The landscape of COVID-19 vaccine mandates has been changing rapidly over the past year, highlighting the need for evidence-based recommendations for vaccine advocates and policymakers in order to successfully implement mandates. This Commentary provides an historical lens through which to understand current opposition to mandates and offers suggestions for future research using community-based participatory research, legal epidemiology, and systems science to guide the potential development of mandates.
1. Historical opposition to vaccine requirements
Throughout history, opposition to vaccine mandates has focused on arguments related to personal liberty. In response to smallpox vaccine mandates in Great Britain in the 1850s and 1860s, the Anti-Vaccination League and Anti-Compulsory Vaccination League of Great Britain formed with a mission focused on infringement of personal liberty and freedom of choice [1]. Inspired in part by these Leagues and increased enforcement of smallpox vaccine mandates, the Anti-Vaccination Society of America and regional leagues formed in the United States (U.S.) in the 1870s; they were ultimately successful in prompting the repeal of mandates in six states [1].

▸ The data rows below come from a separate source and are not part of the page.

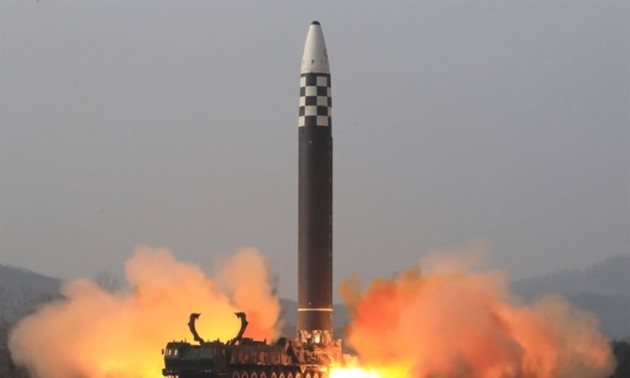 Pyongyang tire un missile balistique
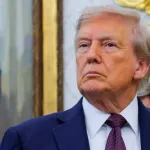 トランプ「おい日本、指定した口座に80兆円振り込め！」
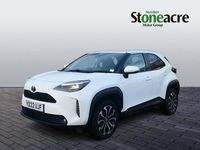 Used Toyota Yaris Hybrid Design 116 HP (85 kW) 2022 White Hatchback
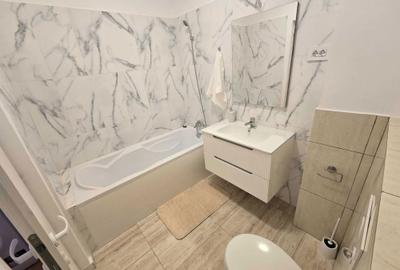 Apartament cu 3 camere semidecomandat în Central - 7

In the 1900s, the issue of personal liberty as related to vaccine mandates reached the U.S. Supreme Court, which affirmed the constitutionality of state and local smallpox vaccine mandates. The first case, Jacobson v. Massachusetts, decided in 1905, dealt with a challenge brought by Reverend Henning Jacobson with the backing of the Anti-Vaccination Society to a smallpox vaccination order issued by the Cambridge Board of Health under a Massachusetts law. Jacobson argued that this order to protect the public’s health trampled his personal liberty rights guaranteed by the U.S. Constitution. The Supreme Court disagreed and upheld the law as a valid exercise of state police power to protect the community from a dangerous disease; police powers, provided under the 10th Amendment, allow states to pass laws to protect the health, safety, and general welfare of their citizens. The second case, decided in 1922, Zucht v. King, was brought by parents of a child who was excluded from school due to her unvaccinated status. The parents challenged a local ordinance that required vaccination for schoolchildren as a violation of the 14th Amendment’s due process and equal protection clauses. Relying on its precedent in Jacobson, the Supreme Court rejected the challenge, finding that it was “within the police power of a State to provide for compulsory vaccination.”
Since these Supreme Court rulings, all 50 U.S. states and the District of Columbia have passed statutes requiring children to be immunized with specified vaccines in order to attend school, with all states providing exemptions for medical reasons and a few states allowing exemptions for religious or other personal beliefs [2]. Prior research suggests school vaccine mandates are effective at increasing vaccination rates, particularly if exemptions are limited. For example, after implementation of a California law eliminating non-medical exemptions for school-mandated vaccines, the proportion of kindergarten students with all required vaccines increased from 92.8% in the 2015–2016 school year to 95.1% in 2017–2018 [3]. However, this study also found that rates of medical exemptions increased 250% during this same time period, suggesting that parents with personal belief objections may have obtained fraudulent medical exemptions as opposed to getting their children vaccinated and highlighting the importance of limiting exemptions when mandating vaccination [3].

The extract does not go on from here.